* _Listed records_:
----------
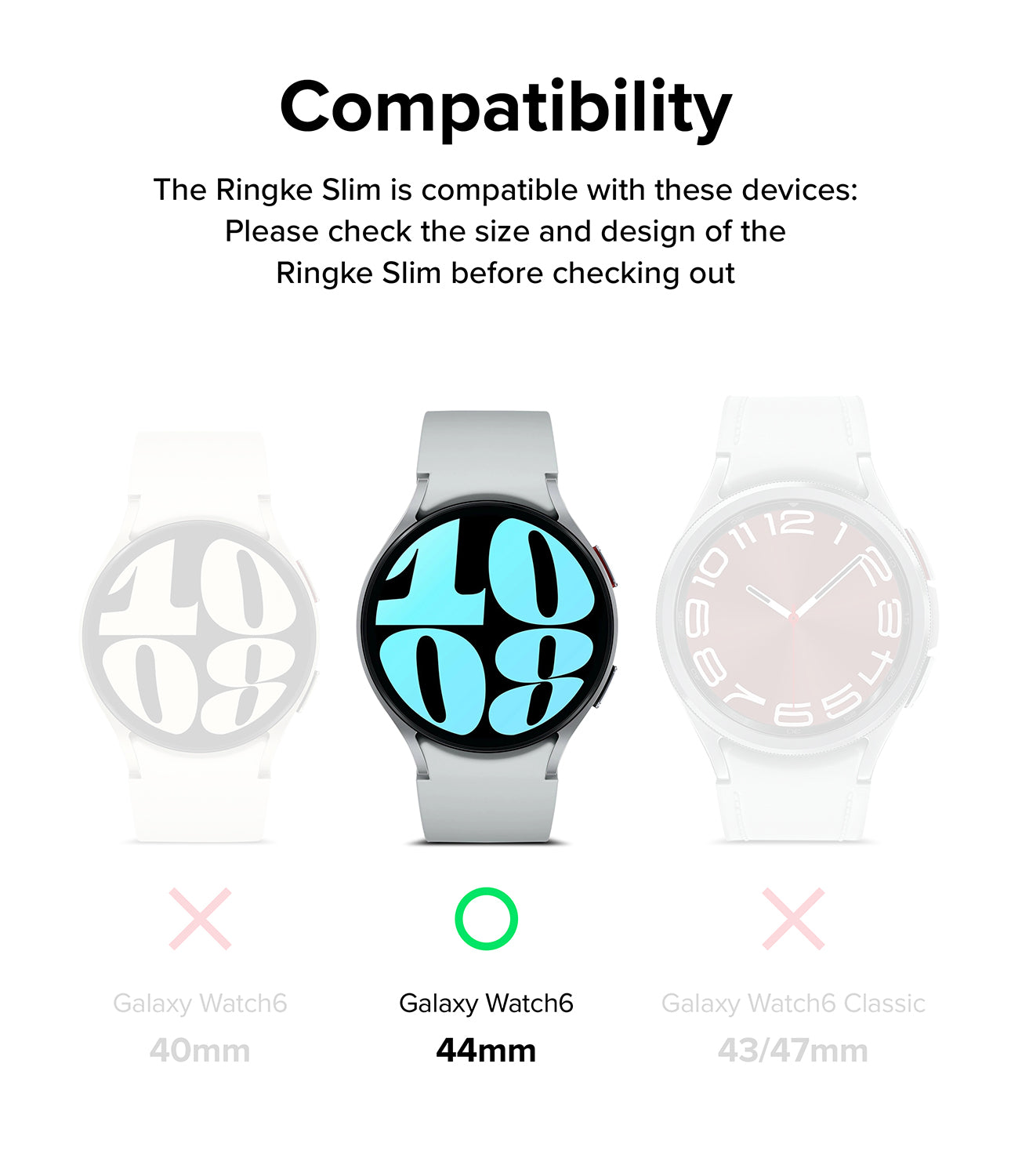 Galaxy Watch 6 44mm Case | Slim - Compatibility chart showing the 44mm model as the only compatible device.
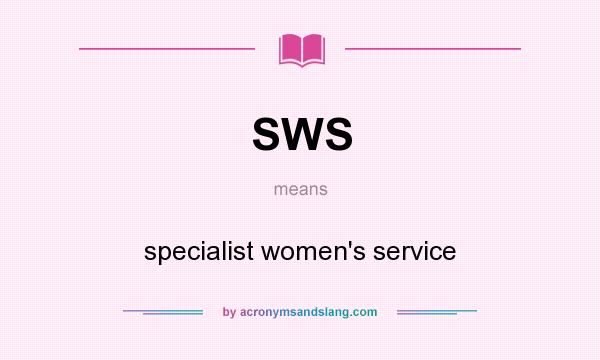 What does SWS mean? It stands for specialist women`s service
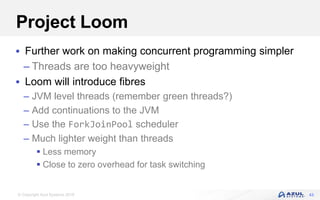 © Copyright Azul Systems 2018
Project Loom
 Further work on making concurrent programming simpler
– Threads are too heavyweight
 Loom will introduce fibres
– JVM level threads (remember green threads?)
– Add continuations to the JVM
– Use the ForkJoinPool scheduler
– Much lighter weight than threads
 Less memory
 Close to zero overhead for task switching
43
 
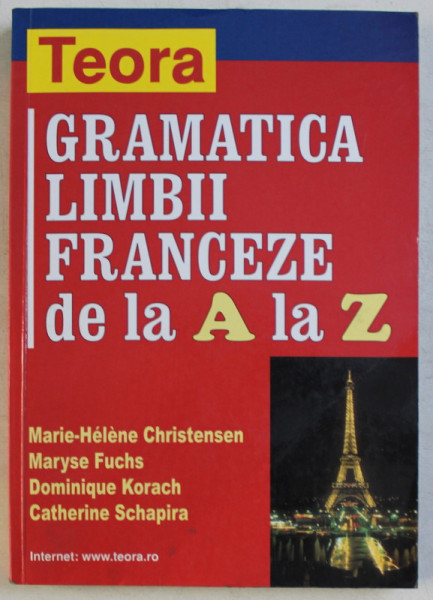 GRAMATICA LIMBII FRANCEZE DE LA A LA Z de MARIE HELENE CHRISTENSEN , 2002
----------
Strip the images and reproduce the remaining records precisely.

 Galaxy Watch 6 44mm Case | Slim - Compatibility chart showing the 44mm model as the only compatible device.
 What does SWS mean? It stands for specialist women`s service
 © Copyright Azul Systems 2018
Project Loom
 Further work on making concurrent programming simpler
– Threads are too heavyweight
 Loom will introduce fibres
– JVM level threads (remember green threads?)
– Add continuations to the JVM
– Use the ForkJoinPool scheduler
– Much lighter weight than threads
 Less memory
 Close to zero overhead for task switching
43
 
 GRAMATICA LIMBII FRANCEZE DE LA A LA Z de MARIE HELENE CHRISTENSEN , 2002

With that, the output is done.